Simple Linear Regression — OLS Visualized

Drop one extra point and the line jumps. Once least-squares becomes geometry, β₁ and R² stop reading like cryptography.

M.01 / SIMPLE REGRESSION

Simple Regression — Drawing the OLS Line

Up to here, one variable at a time. Real questions involve relationships — height vs. weight, ad spend vs. sales. Simple regression draws one line through two variables — and the t-tests and CIs you just learned power the inference on its slope β̂.

Regression with just one explanatory variable is simple regression. It assumes a linear relationship: when x increases by 1, y moves by β₁. Ordinary least squares (OLS) picks the line that minimizes the sum of squared vertical residuals. Click the canvas to add points and watch the line snap into place. Green bars are residuals. R² (in 0–1) measures how much of y the line explains.
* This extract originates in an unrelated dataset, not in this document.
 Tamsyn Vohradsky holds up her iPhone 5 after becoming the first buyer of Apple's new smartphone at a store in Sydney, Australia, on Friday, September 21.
Experiment Guide — try these in order

Step 1: Hit "Random 20 pts" → a regression line and R² appear. Check the green bars (residuals).
Step 2: Click far from the line to add one outlier → the line jerks toward it. Watch how far a single point can drag the fit.
Step 3: CLEAR and place 5 points nearly in a line → R² ≈ 1.0. A perfect linear relationship.
Step 4: CLEAR and arrange points in a circle → R² ≈ 0. A line can't capture this pattern.
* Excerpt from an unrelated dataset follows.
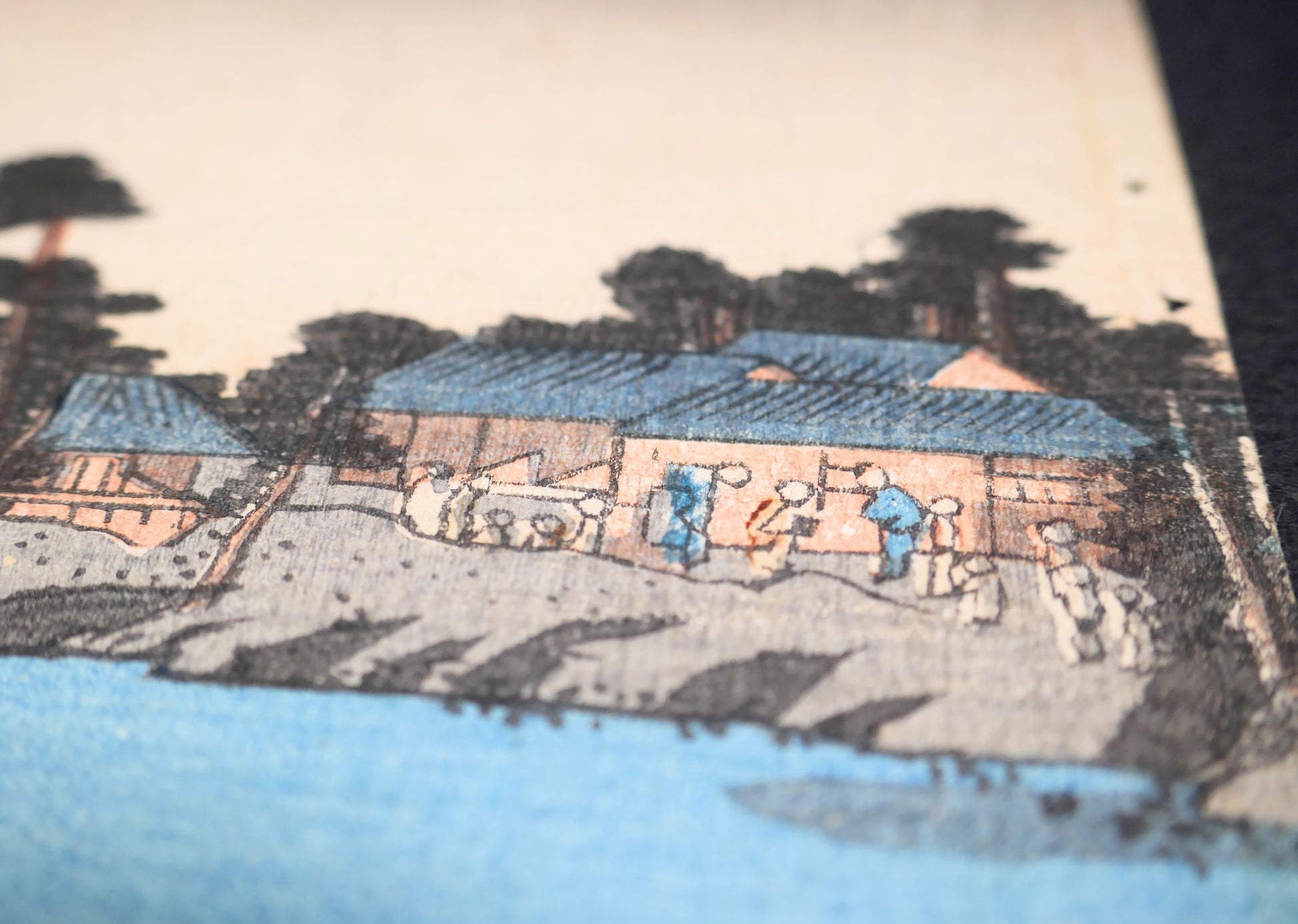 Détail du paysage au bord de l’eau avec maisons, arbres et silhouettes, extrait d’une estampe japonaise ancienne de Kunisada Toyokuni III.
↑ Click the canvas to add points

Slope β₁—

Intercept β₀—

R²—

Correlation r—

// Formula used here

ŷ = β₀ + β₁x (prediction equation)
• β₁ (slope): average change in y per 1-unit increase in x
• β₀ (intercept): predicted y when x = 0 — where the line crosses the y-axis

Breaking down the β₁ formula
• Numerator Σ(xᵢ − x̄)(yᵢ − ȳ): co-variation — how much x and y move together. Positive when both above/below their means
• Denominator Σ(xᵢ − x̄)²: total variation in x alone
• The ratio: "co-movement per unit of x-spread" = the slope
• More spread in x → more stable slope estimate (larger denominator = less noise)

// Common misconceptions

❌ "High correlation = causation"

Ice cream sales and drowning deaths are strongly correlated, but ice cream doesn't cause drowning. The shared cause is temperature (confounding variable). Correlation says "they co-move"; it doesn't say "one causes the other."
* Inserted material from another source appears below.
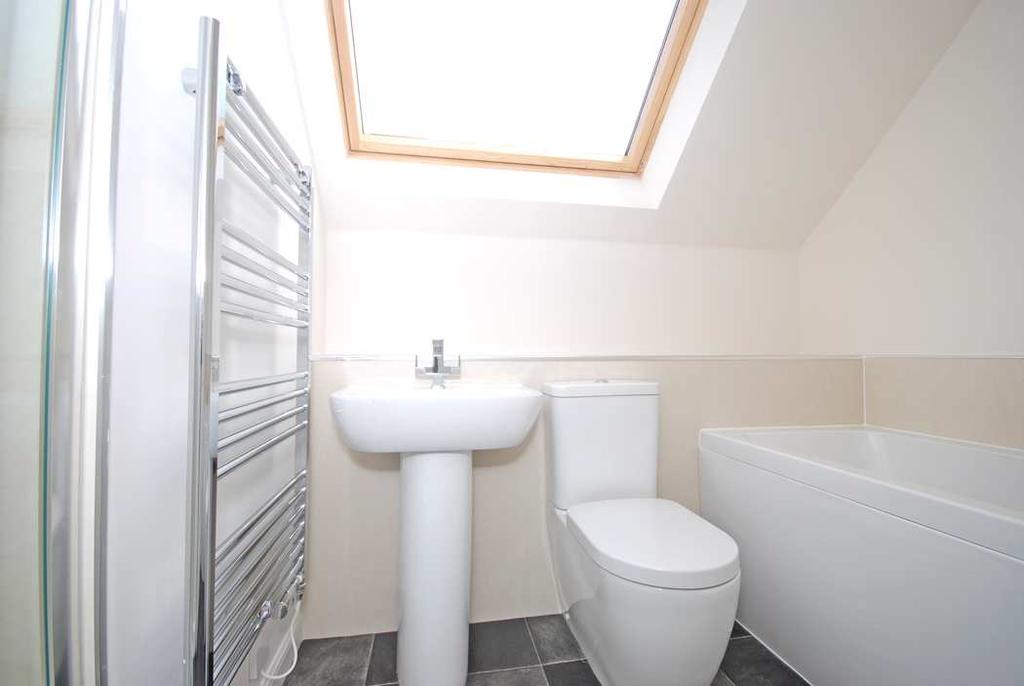 FAMILY BATH & SHOWER ROOM Velux style window to the side. New white bathroom suite.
❌ "High R² means the model is correct"

R² always increases when you add more variables — even irrelevant ones. So R² alone can't judge model quality. Use the adjusted R² instead.

❌ "Fitting a line means there is a linear relationship"

Least squares always produces a line — even for data scattered in a circle. In the simulator above, try "random 20 points" and note the low R². The line exists; the relationship doesn't.

// Shapes you'll meet again

Around simple regression, the slope's construction and R²'s interpretation always travel together.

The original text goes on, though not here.